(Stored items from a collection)
........
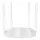 Tenda AC5 1200Mbps 4 Port Router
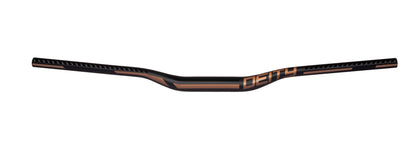 Racepoint Handlebar /// 25mm Rise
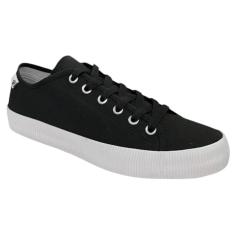 TENIS RAINHA MASTER MASCULINO-Masculino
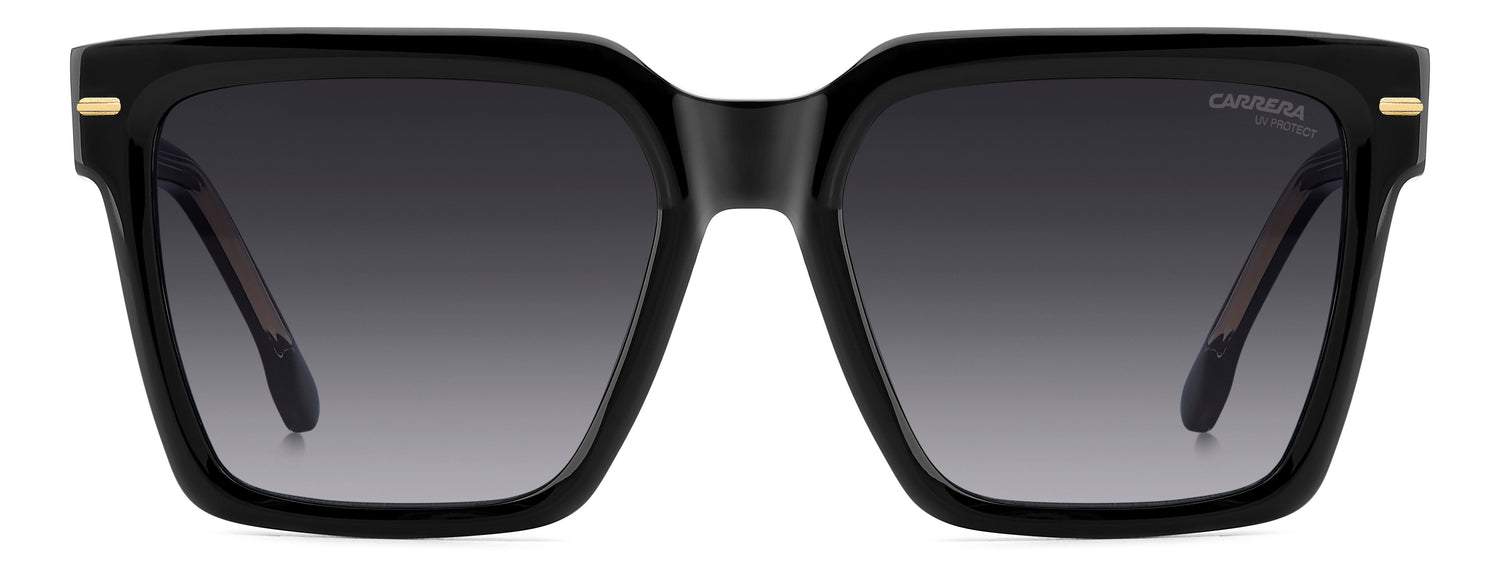 CARRERA 3067/S 807 9O 56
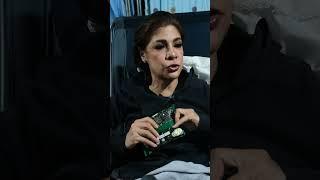 Binibining Marikit: Pinky Amador shares her top taping essentials | Online Exclusive
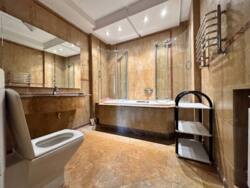 Оренда приміщення, проспект Лобановського (Солом'янський р-н). фото 9 Оренда приміщення, проспект Лобановського (Солом'янський р-н). фото 9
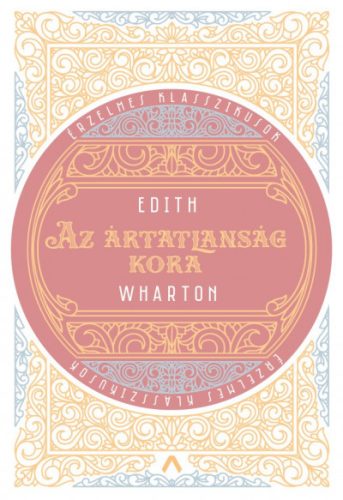 Az ártatlanság kora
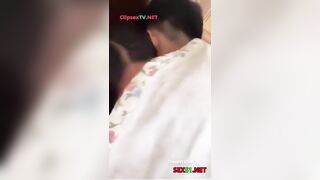 Shock, Qua sinh nhật tròn 16 tuổi, Con e họ cho địt Nhau lút Cán vào Lồn quay vid Sex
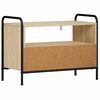 Miniatyrbilde av produktet 6 av 10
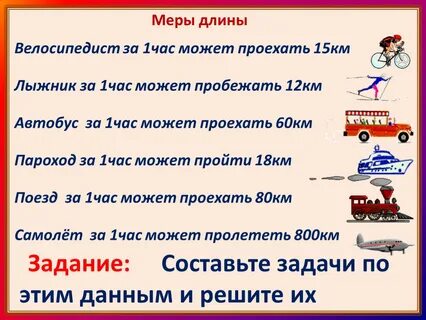 Мера смысла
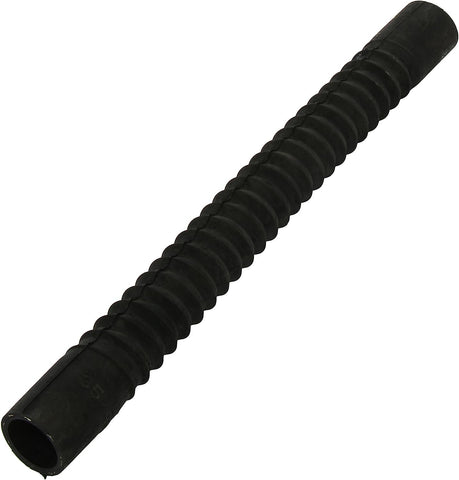 GAT VFII246 Vulcoflex Radiator Hose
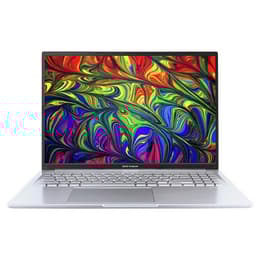 Asus VivoBook M1603Q 16" Ryzen 7 3.2 GHz - SSD 1 To - 16 Go AZERTY - Français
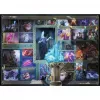 Puzzle Villainous: Hades (1000 elementów)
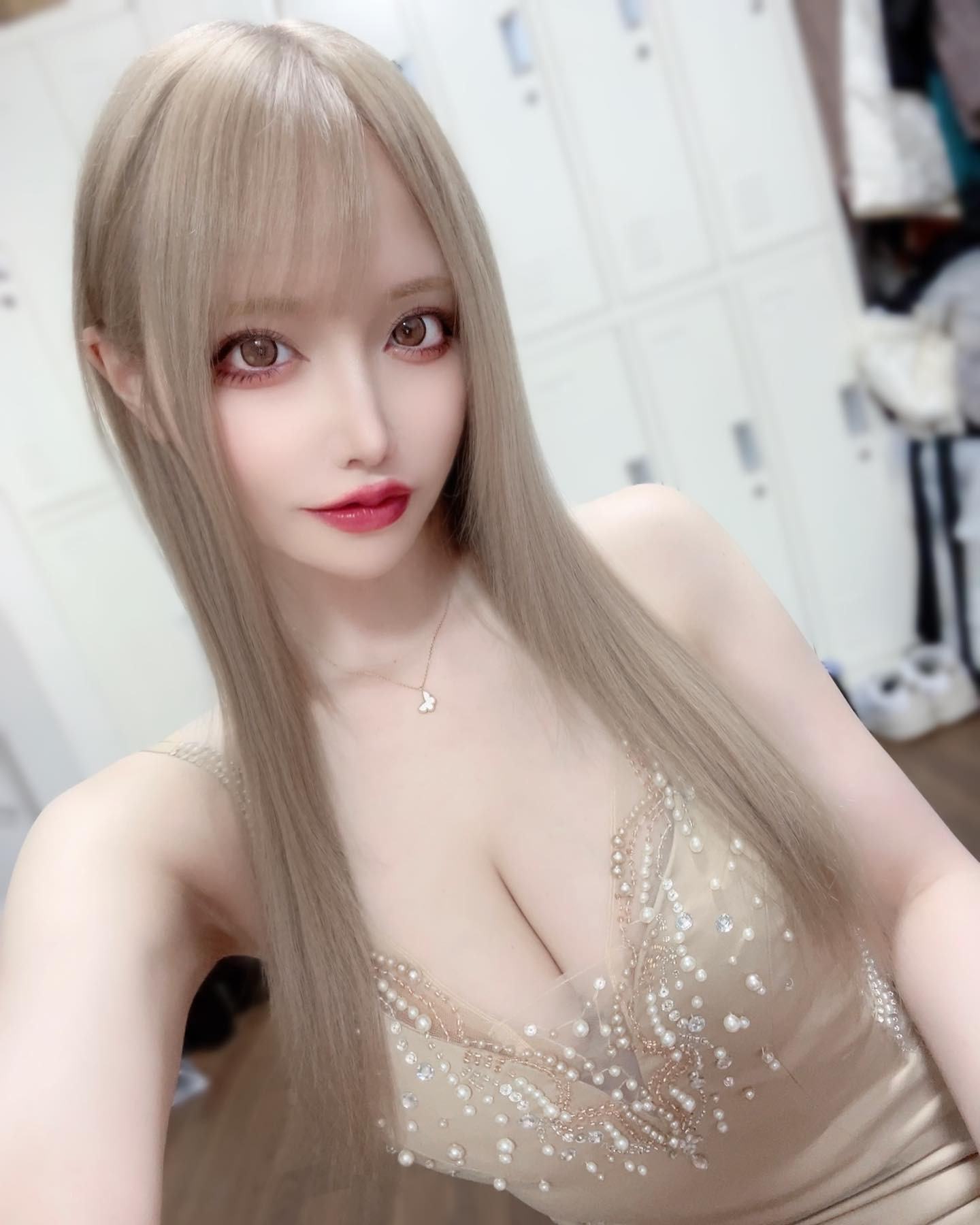 .
.
三温糖のコスプレ🎋𓈒𓏸
.
.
........
## Aim of the task
Repeat exactly the lines from the one containing "Puzzle Villainous: Hades (1000 elementów)" through the last line of the records above, both included, and leave out the pictures.

## Response to this exercise
 Puzzle Villainous: Hades (1000 elementów)
 .
.
三温糖のコスプレ🎋𓈒𓏸
.
.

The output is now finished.